I'm not really looking for sympathetic comments, though I appreciate them if you think them. Just, if anybody has a spare moment to say a prayer for him, I would appreciate it.
We weren't right for each other as a couple, but we're really great for each other as friends. I love him. I don't know what I'll do if he dies. And I can only imagine the hardship if he makes it, but is paralyzed for life, especially having such vivid dreams for his future.
Please. Anyone with a spare moment. Pray for him.
Wednesday, February 16, 2011
Did kickboxing tonight. A lot easier than the last time, which was like three months ago. I don't know if my physical fitness has improved, or if it's the weight loss making everything easier. But, it was hard to maintain my aerobicism if I paused at all. Which I did to text. I'm seriously addicted to this activity.
I was hoping it could be my indoor aerobic activity when it was raining, but I don't know that it can be at this point.
I recently realized, however, that the Tribe has a corporate account with one of the gyms around here, for $35 per member. Which, for around here, is about the best price that can be found. I think it's one of the bigger gyms, so perhaps I could join, have access to treadmills and such, and maybe they have circuit training as well. I'd need to look into it. Just something for me to think about.
But wow, midnight has hit me hard. I was going to blog about some other random stuff. but I'm beat. Need to get up early tomorrow too, so I guess I'm too bed.
Saturday, February 12, 2011
So, I've been thinking about this P90X thing. I love it. No change in that.
But I'm not sure I'm ready for it. I think I might want to actually lose some more blubber before I go for it. Now, it is hardcore, and it does give you a cardio workout. But, I feel it is more geared towards ST and making your muscles pretty.
Which is a fine thing.
However, I think I have too much fat for that. As pretty as my muscles may get, I think they'll still be covered by too much fat at the end of my 90 days.

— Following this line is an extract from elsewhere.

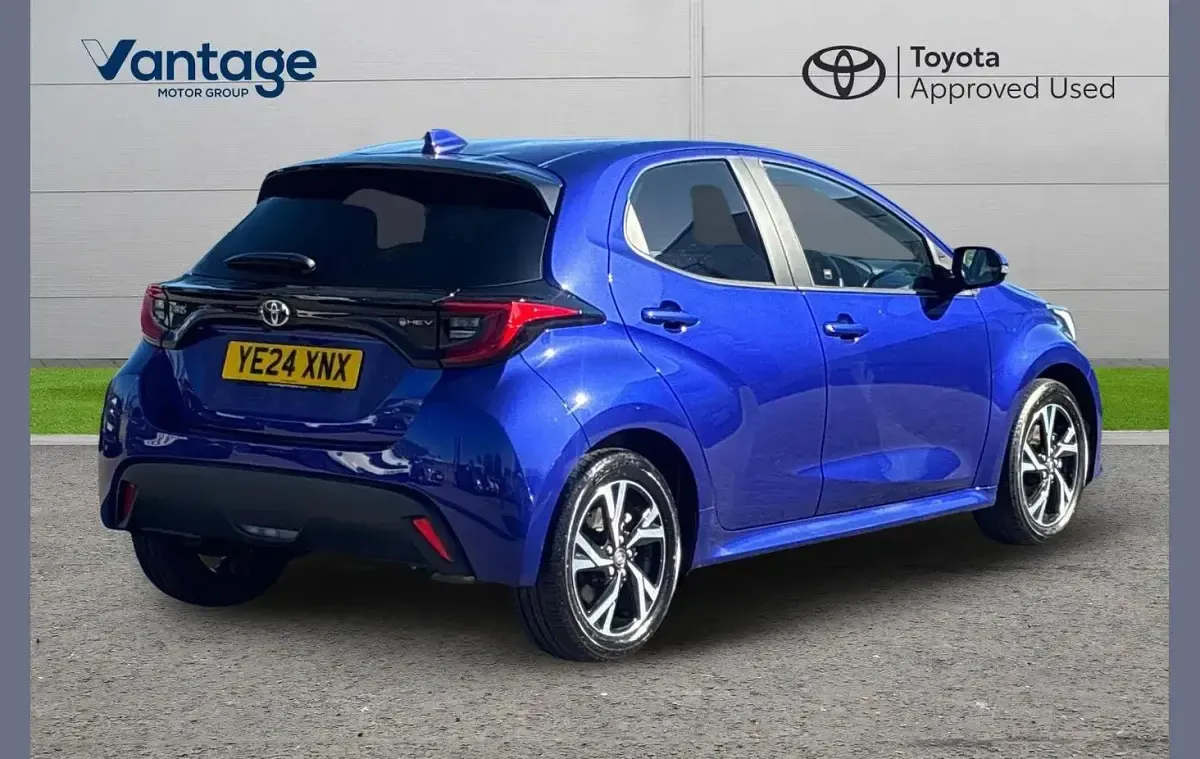 Used Toyota Yaris Design 113 HP (83 kW) 2024 Blue Hatchback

Plus, now that I'm getting sunlight again after work, I'm finding, yet again, that I like running. I'm really bummed that I didn't get off work 'til 9pm today (started at 8:45 am), which is much too late for me to be running outside. I'm kind of thinking about doing my kickboxing DVD, but I'm so tired from not sleeping last night.

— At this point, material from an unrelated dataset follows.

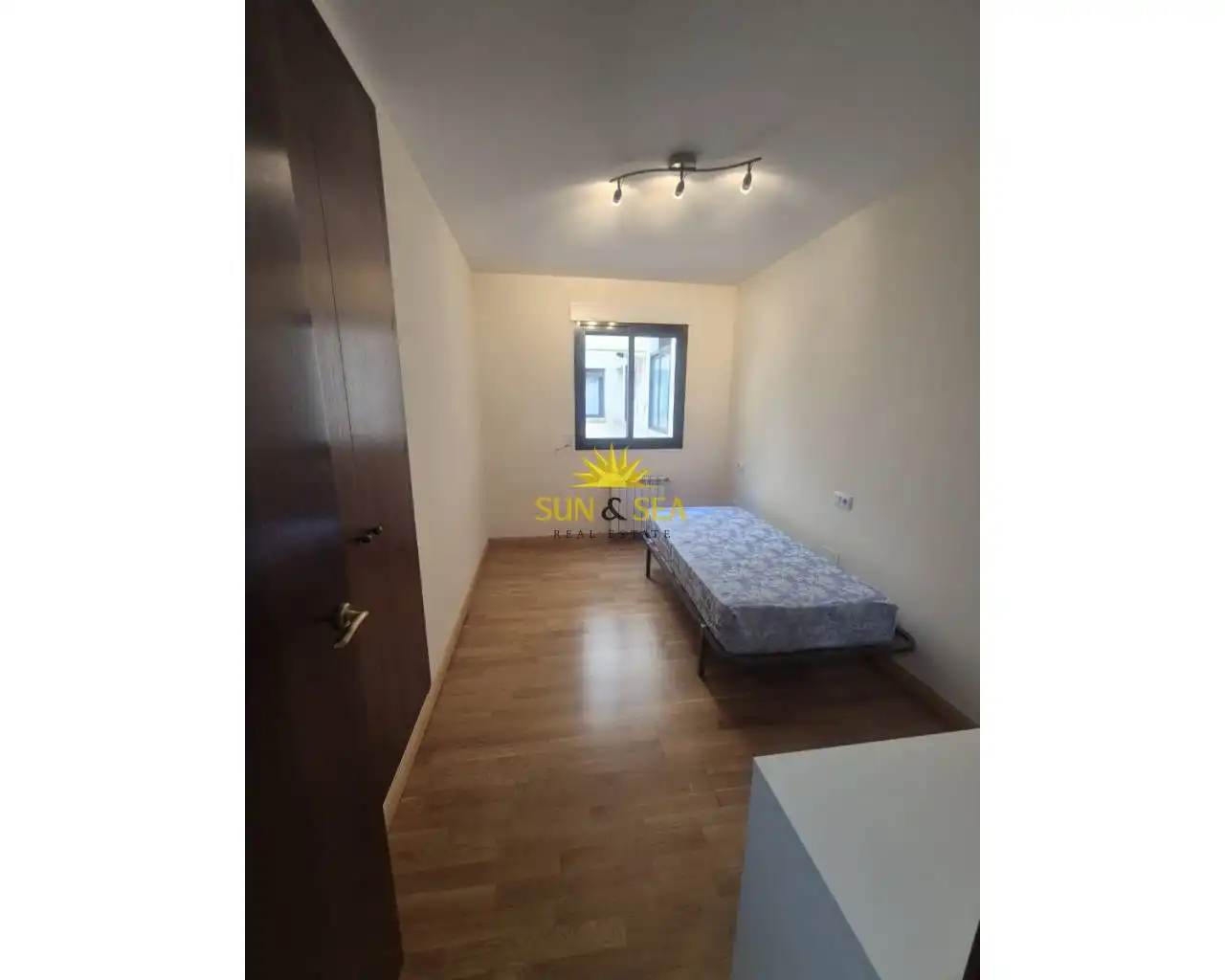 Bedroom of Flat for sale in Murcia  with Air Conditioner, Heating and Parquet flooring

At the same time, tiredness should almost never be an excuse, especially since tomorrow is Saturday and I can totally sleep in.
But, the point is, I think I'm going to focus on diet and cardio to burn off some fo the fat before getting back into P90X. I definitely need to do some cardio tonight, regardless of sleep deprivation. Working for a tribe, there are way too many Indian taco sales for my own good. And then my grams cooked ravioli for dinner. No excuse, but I was sooo weak today, lol.

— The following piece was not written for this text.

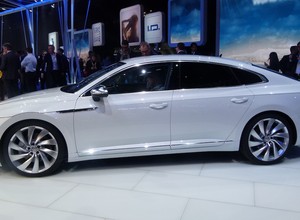Volkswagen Arteon - przykuwa uwagę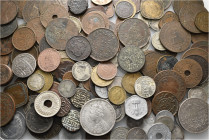 A lot containing 148 silver, bronze and aluminium coins. All: Asia. 700 g. Fine to FDC. LOT SOLD AS IS, NO RETURNS. 148 coins in lot.

From the coll...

Thursday, February 10, 2011
I tried blogging earlier today, but work kept distracting me. What's up with that, haha? So I try again.
First things first, I ran a slightly faster than 10 minute mile today, so just over 6 mi/hr :) Given that I have run for real exactly twice prior to this since October, due to the sick, I think that's pretty dang good. Lol, I know that other people out there can do much better, but this is good for ME, and I'm the only one I have to hold myself comparable to, really. I forsook my P90X leg workout for running but my legs are tired, and I think happy with me and well used. And P90X is just postponed. I'll get back to it :) Overall I ran 1.5 miles, and walked an additional mile.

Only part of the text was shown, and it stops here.